Scott Leberknight - Handling Big Data with HBase
In the past few years we have seen a veritable explosion in various ways to store and retrieve data. The so-called NoSql databases have been leading the charge and creating all these new persistence choices. These alternatives have, in large part, become more popular due to the rise of Big Data led by companies such as Google, Amazon, Twitter, and Facebook as they have amassed vast amounts of data that must be stored, queried, and analyzed. But more and more companies are collecting massive amounts of data and they need to be able to effectively use all that data to fuel their business. For example social networks all need to be able to analyze large social graphs of people and make recommendations for who to link to next, while almost every large website out there now has a recommendation engine that tries to suggest ever more things you might want to purchase. As these businesses collect more data, they need a way to be able to easily scale-up without needing to re-write entire systems.
Here’s what is in next month’s NFJS, the Magazine
Neal Ford – Build Your Own Technology Radar
ThoughtWorks’ Technical Advisory Board creates a “technolgy radar” three or four times a year. It is a working document that helps the company as a whole make decisions about what technologies are interesting and where we should be spending our time. This is a useful exercise both for you and your company. This article focuses on why you should undertake this exercise, both for your company and your own career development.
Venkat Subramaniam – Scala Traits Part Two
In this part two of the series, Venkat Subramaniam will discuss how to apply multiple traits at both class and instance level and to implement the decorator pattern.

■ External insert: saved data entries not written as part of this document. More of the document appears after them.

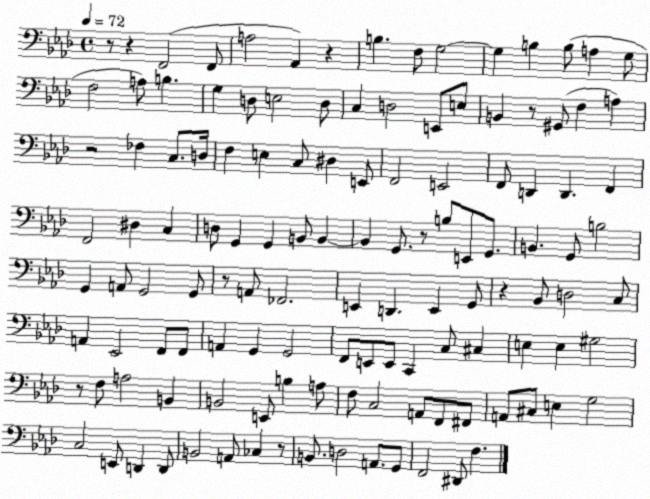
X:1
T:Untitled
M:4/4
L:1/4
K:Ab
z/2 z F,,2 F,,/2 A,2 _A,, z B, F,/2 G,2 G, B, B,/2 A, G,/2 F,2 A,/2 B, G, D,/2 E,2 D,/2 C, D,2 E,,/2 E,/2 B,, z/2 ^G,,/2 F, A, z2 _F, C,/2 D,/4 F, E, C,/2 ^D, E,,/2 F,,2 E,,2 F,,/2 D,, D,, F,, F,,2 ^D, C, D,/2 G,, G,, B,,/2 B,, B,, G,,/2 z/2 B,/2 E,,/2 G,,/2 B,, G,,/2 B,2 G,, A,,/2 G,,2 G,,/2 z/2 A,,/2 _F,,2 E,, D,, E,, G,,/2 z _B,,/2 D,2 C,/2 A,, _E,,2 F,,/2 F,,/2 A,, G,, G,,2 F,,/2 E,,/2 E,,/2 C,, C,/2 ^C, E, E, ^G,2 z/2 F,/2 A,2 B,, B,,2 E,,/2 B, A,/2 F,/2 C,2 A,,/2 F,,/2 ^F,,/2 A,,/2 ^C,/2 E, G,2 C,2 E,,/2 D,, D,,/2 B,,2 A,,/2 _C, z/2 B,,/2 D,2 A,,/2 G,,/2 F,,2 ^D,,/2 F,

Brian Sam-Bodden – MVC Meet JavaScript, JavaScript Meet MVC
For years the software community has been pushing the MVC architectural pattern to organize and separate the concerns of our applications. So far we seem to have done a decent job of accomplishing that based on the enforcement of the pattern in the most successful web frameworks such as Rails, Grails, JSF, Struts and many others. The last frontier for MVC seems to be the sometimes convoluted world of JavaScript; the client tier of our web applications. Although frameworks like jQuery, Prototype, Scriptaculous, ExtJS, DOJO and others have greatly helped in cleaning up and structuring the client tier, there’s still much to be desired. In recent years several micro-frameworks have appeared that aim to put an end to the madness of the JavaScript client tier world. In this article we’ll explore the most prominent players and see how their usage impacts modern web development.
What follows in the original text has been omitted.